What to do when Pandemic Fatigue Threatens to Destroy your Relationships

I’m just going to put it out there. I’ve been struggling. My ideas about how to handle this pandemic are very different from my husband’s. They are different from my mom’s, and

we both differ from my dad, and then there are my in-laws... In fact, of all my friends and family, I can think of only one person who I have discussed this with and agree entirely.


If you’re anything like me, you are struggling with some intense emotions around these differences of opinions. You are fighting fiercely for the health and safety of your family – and whether your concern is greater with physical or mental health, and whatever you believe about the effectiveness of masks and vaccines and social distancing, it is coming from a place of love.


Yes.
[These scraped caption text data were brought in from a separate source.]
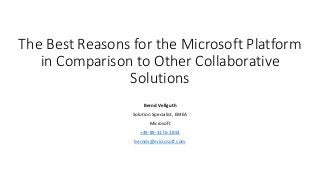 The Best Reasons for the Microsoft Platform 
in Comparison to Other Collaborative 
Solutions 
Bernd Vellguth 
Solution Specialist, EMEA 
Microsoft 
+49-89-3176-3893 
berndv@microsoft.com 
 
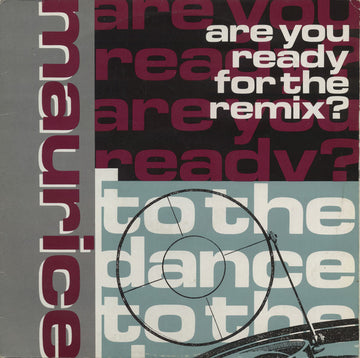 Maurice* : Are You Ready For The Remix? To The Dance (12")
LOVE.


We all hate this pandemic. We hate lock down. We hate virtual learning. We hate, hate, hate the massive toll it’s taken on those who have lost loved ones and those who are suffering long-term effects from the virus.


We love our family and friends and miss spending time with them. We love knowing our children are getting a good education in a safe and healthy environment. (Even if you are an introvert, I know you miss us a little. Right?)
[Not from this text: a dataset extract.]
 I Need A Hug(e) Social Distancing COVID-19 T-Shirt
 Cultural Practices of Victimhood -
If you are in conflict right now with your family or friends over how we’re all handling things differently, I’d like to offer some advice that’s worked for me recently. This isn’t original content. I learned it from my therapist, who learned it from a friend, and thank God for whoever taught it to her friend! BECAUSE IT REALLY HELPED ME!


1. Recognize that what you are angry about is this stupid pandemic. IT is the problem. Your people aren’t the problem. The government isn’t the problem. Covid-19 is the problem.


2. Consider the perspective of those loved ones who feel differently than you. What could be motivating their difference of opinion? Below is a list of examples that are far from comprehensive, but taken from my experience with all the perspectives I’ve observed.


Loved One #1 – got a bad case of Covid early on and hasn’t fully recovered. Is suffering financially and physically. TERRIFIED of any other loved ones suffering in the same way and possibly not ever recovering. Motivation? LOVE.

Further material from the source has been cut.